CeBIT's New York launch this past summer was probably less than HannoverUSA envisioned when they commited to the US market (despite Mark Dineen's official comments) (btw, the audited attendance was 8,510), but wasn't all that bad, especially considering the business environment in which they were selling against (NASDAQ was still in the pits during their sales cycle).
Conventional show management thought dictates that you don't expand a franchise until it's firmly established. Then again, "conventional" is not a word you'd use to describe Alan Meckler. Instead, what he's doing with this NYC launch is straight out of the Proctor & Gamble playbook - make the other guy spend more to get market share.

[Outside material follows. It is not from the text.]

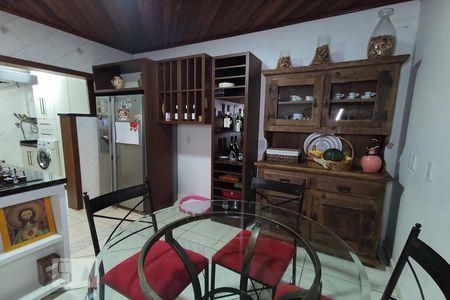 Casa à venda com 180m², 3 quartos e 2 vagasCozinha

Alan's company, JupiterMedia, has had tremendous success at launching niche events utilizing Internet.com's content areas (Search Engine Strategies, 802.11, etc.). Although Alan made his reputation with the now-defunct Internet World (the 1998 sale of which freed him to build his new publishing empire), and much of his current staff came from Penton's IT division which sold Internet World, the current climate is not conducive to launching horizontal IT events.

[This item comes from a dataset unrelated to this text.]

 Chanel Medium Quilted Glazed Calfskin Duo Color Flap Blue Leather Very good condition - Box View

I'd tend to think that the only way Meckler will get traction is if his events challenge the the concept of the 'traditional' corporate IT event by concentrating less on exhibit sales and more on creating value and ROI - perhaps a format that bears greater resemblance to a Gartner IT Symposium than the old Internet World. That would likely play well in the NYC market.
Then again, I don't put anything past him. We'll know in a couple of weeks how the Vegas launch did. This will be a story worth following.